What is the Education System in the U.K like?

The Education System in the U.K is very different from what you are used to here in India. In the U.K education system, you will find that there are a vast range of courses with specializations in different academic fields. Not only that, but there are also a lot of courses that offer education in various art forms, including performing arts. Some courses stress on practical training, whereas some focus on academic knowledge.

Apart from the diversity in education, there is also much greater flexibility in terms of the curriculum of courses as compared to India. Students are allowed to choose subjects as per their own wish for most of the courses.

Some of the main features of the U.K education system are discussed below.

Higher Education and Further Education

The concepts of ‘Further Education’ and ‘Higher Education’ are vital to the U.K education system. Most of the students pursue primary education which is compulsory for all students till the age of 16. That usually includes 11 years of education.

After completing their primary education, students pursue ‘Further Education’ but this is not compulsory.

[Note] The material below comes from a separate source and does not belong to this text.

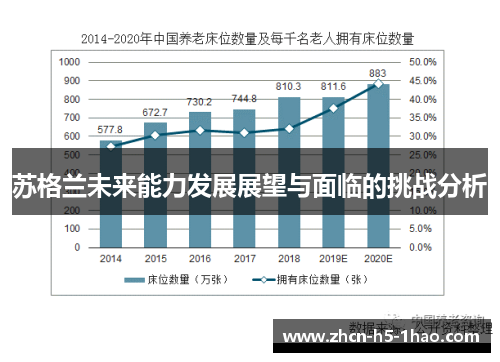 苏格兰未来能力发展展望与面临的挑战分析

Further Education generally includes 2 years of study. This study can be academic or professional. Professional studies at this point help students get into the professional side of the field straight away whereas the academic sides of further education helps students pursue courses that prepare them for college education. Such courses are also called ‘Foundation courses’ as they build a foundation for college studies. Further education qualifications in the U.K are in the form of ‘A – Levels’, ‘International Baccalaureate’ and ‘Scottish Highers’.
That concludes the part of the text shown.